Quando o ônibus, vindo de Barbalha para Juazeiro
do Norte, parou num ponto da Avenida Leão Sampaio, seis pessoas se espremeram entre
passageiros. Por sorte, um deles conseguiu o assento ao lado da senhora de
cabelo cor de caju, comprido. Portava ela brincos dourados, unhas pintadas de
vermelho-escuro e batom da cor de pimenta malagueta. Seu vestido era florido,
com cinto largo de couro preto, e decote realçando polpudos seios. E logo que o
motorista voltou a andar poucos metros, a senhora começou a falar alto:
- Eu já disse, e repito de novo a vocês dois.
(Os dois a que ela se referia eram dois rapazinhos, sentados no banco de trás)

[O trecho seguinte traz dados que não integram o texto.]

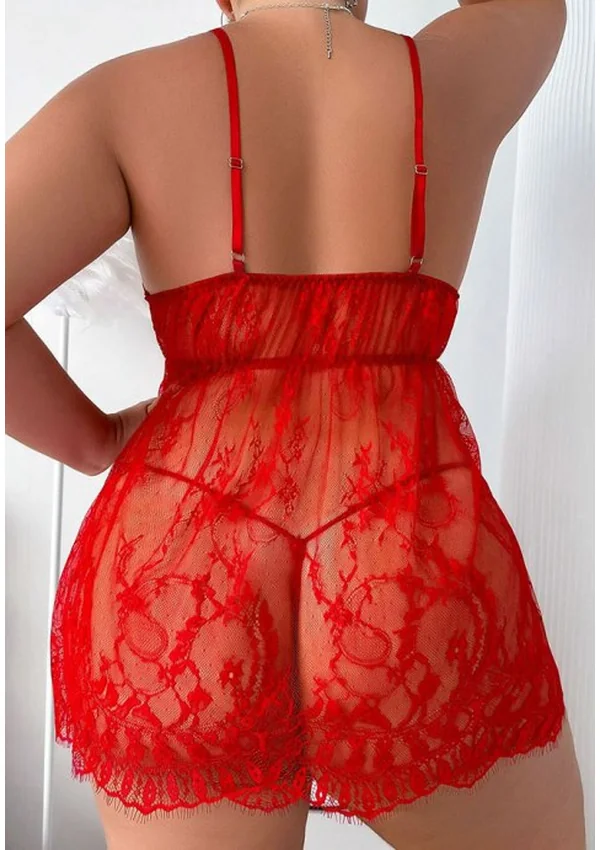 Dusky Rose Plus Babydoll - Red color thumbnail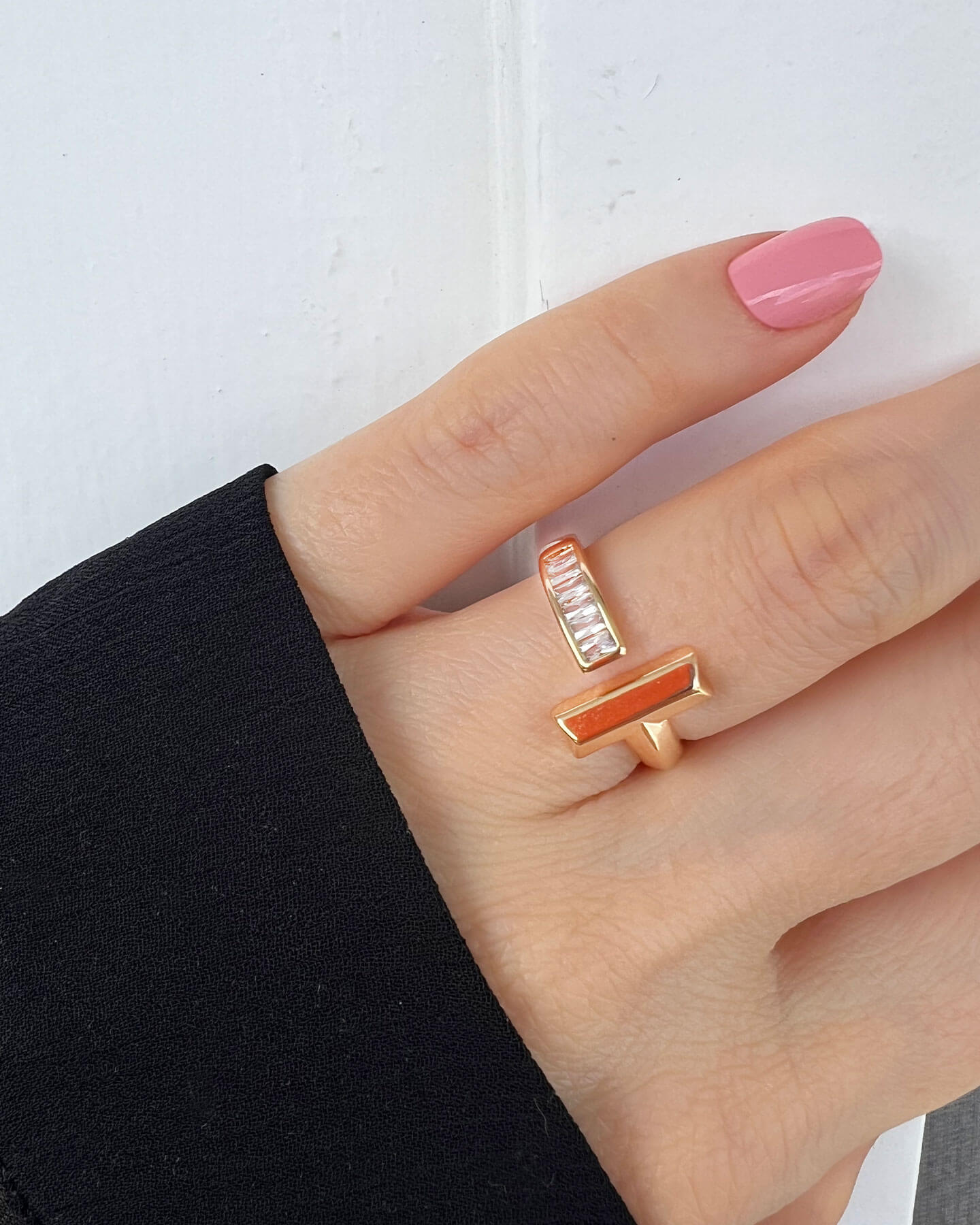 Geometrische Prisma Ring Gold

- A merda do pai de vocês fez bem ele ir embora de casa. Agora deixei de ser
égua. Vou revirar o mundo de cabeça pra baixo. Ninguém me segura.
- Que é isso, mãe. - advertiu-a o da janela,
parecendo ser o mais velho. - Deixe disso. Nâo tem nada a ver. Não invente de
se virar numa coisa que não presta. A senhora está velha.
Um gaiato, lá de trás, meteu-se na conversa:
- Dona Maria, a senhora devia se acalmar
e tomar conselho do seu filho.
Outro completou:
- Dona, quem gosta de velha é fundo de rede.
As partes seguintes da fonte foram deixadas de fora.